*list*

# Statistics and Data Science: A Modeling Approach

## 4.5 Representing Relationships Among Variables

We’ve learned a lot of ways to visualize the relationship between an outcome variable and an explanatory variable, using `color`

and `fill`

, using `gf_facet_grid()`

, using `gf_point()`

, `gf_jitter()`

, and `gf_boxplot()`

.

There are many ways to represent the relationship between the outcome and explanatory variables. We’ve learned how to make visualizations *and* write code that represents this relationship. We will introduce even more ways to represent these relationships. In this section, we will show you two: *path diagrams*, and *word equations*.

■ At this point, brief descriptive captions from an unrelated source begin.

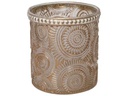 CHALET Windlicht Limay 8 cm, Glas, Weiss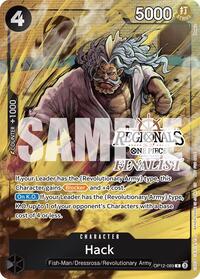 Hack (Regionals Finalist Card Set 26-27) - One Piece Promotion Cards - OP12-089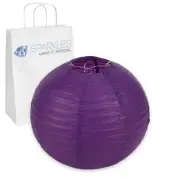 12 pcs 6" inch Chinese Paper Lantern - Purple - Wedding Party Event we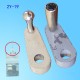 801 skiver crank assembly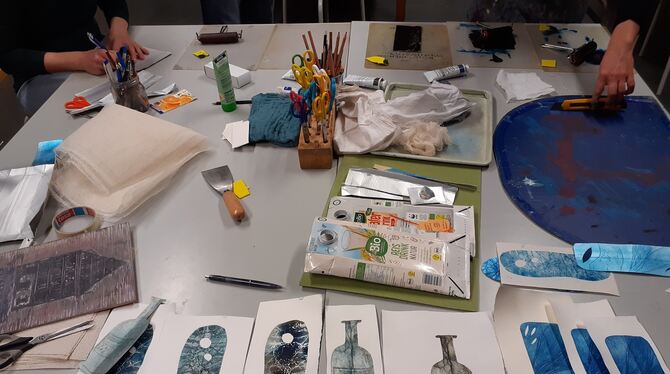 Die ersten Druck-Ergebnisse.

Building off the example we are now very familiar with, here’s a way to represent the relationship between **Sex** and **Thumb**:

In path diagram convention, the explanatory variable “points to” the outcome variable. The direction of the arrow identifies **Thumb** as the outcome variable and **Sex** as the explanatory variable. So, we can read this diagram like this: “The variation in **Thumb** length is explained, at least in part, by variation in **Sex**.” It’s good to practice making diagrams like this. The same relationship is represented in the R code `Thumb ~ Sex`

.

These path diagrams can be used to represent a relationship we have found in our data, or to one we hypothesize is true but that we have not yet investigated. Assuming we do have data to support it, we still can read it in two senses: as a relationship that exists in our data, or as a relationship that we believe exists in the world beyond our data, in the DGP.

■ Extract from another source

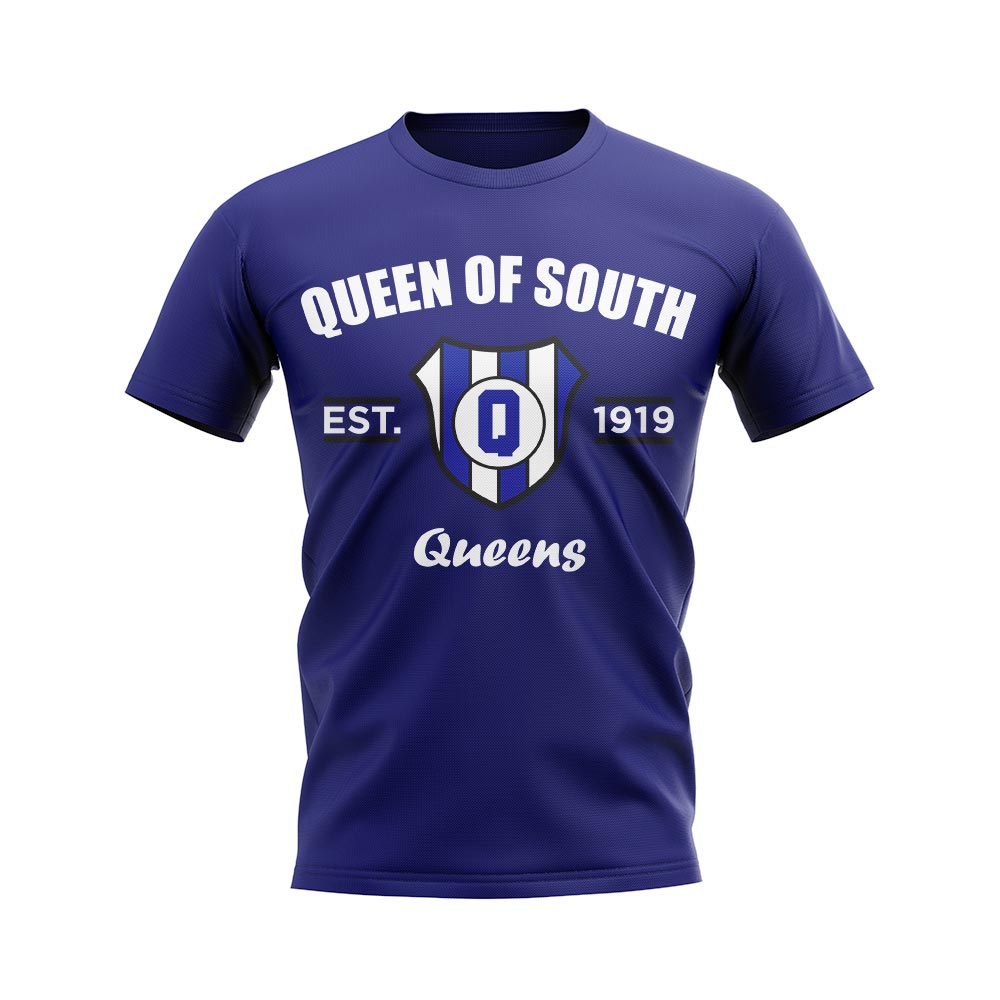 Click to view product details and reviews for Queen Of The South Established Football T Shirt Navy.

A second way of representing relationships is with word equations:

*THUMB = SEX*

We can read this equation in the same way as a path diagram: “Variation in **Thumb** length is explained by variation in **Sex**.” A word equation is another way of representing relationships, real or hypothesized, in our data or in the DGP. By convention, the outcome variable, **Thumb**, is written on the left of the equal sign and the explanatory variable, **Sex**, is written to the right.

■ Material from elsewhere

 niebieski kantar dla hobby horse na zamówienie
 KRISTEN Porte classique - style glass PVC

Note that this kind of equation is not the same as a mathematical equation. It doesn’t mean, for example, that thumb length and sex are the same thing, or that they represent the same quantity. It also doesn’t mean that the *variation* in thumb length is equal to the *variation* in sex. It simply means that some of the variation in thumb length is explained by variation in sex.

You may also notice that the equation is, in a sense, *not true*. Variation in thumb length is not fully explained by variation in sex. In the analyses we did above, we saw that even though some of the variation in thumb length appeared to be explained by sex, there is still plenty of overlap in the distributions of thumb length for males and females.

Another way of putting this is: just knowing the sex of a person will not enable you to perfectly predict their thumb length. There is a lot of variability within each group. So, obviously, sex is not the only variable that could explain variation in thumb length.

To represent this idea more clearly—and it is an important idea, as you will see later—we can add something to our word equation:

*THUMB LENGTH = SEX + OTHER STUFF*

We can read this as: “Variation in thumb length is explained by variation in sex *plus variation in other stuff*.” In the next section we will discuss what this “other stuff” might be. But for now, it’s useful to think of the total variation in our outcome variable as the sum of variation due to an explanatory variable, plus variation due to other stuff.

We may also refer to these word equations as *models*. We will talk more about why we call them models later, but it’s helpful to start thinking of them as models.